> AVAILABLE DATA:
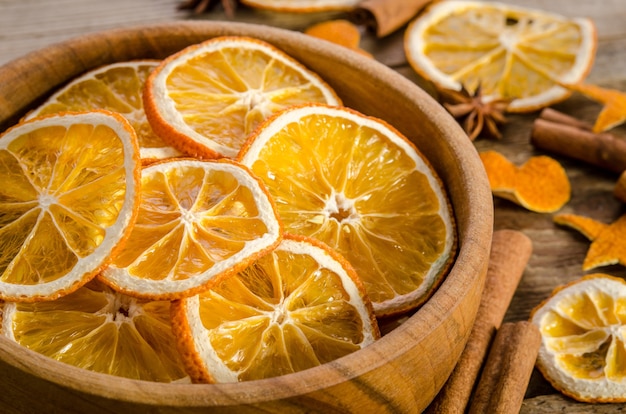 Bowl with dry orange slices and spices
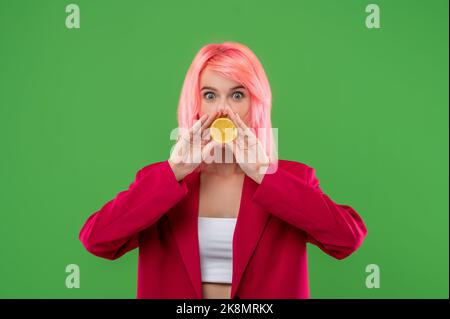 Femmina che ricopre la bocca con agrumi prima della fotocamera Foto Stock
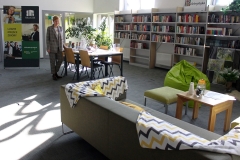 Duża przestrzeń biblioteczna.  Po lewej stronie stołu stoi kobieta. Po prawej stronie kanapa, pod scianą regały z książkami.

> WHAT NEEDS TO BE DONE: Retype the line containing "Femmina che ricopre" and all lines after it through the end of the material, exactly and only those, leaving out pictures.

> PROBLEM SOLUTION:
 Femmina che ricopre la bocca con agrumi prima della fotocamera Foto Stock
 Duża przestrzeń biblioteczna.  Po lewej stronie stołu stoi kobieta. Po prawej stronie kanapa, pod scianą regały z książkami.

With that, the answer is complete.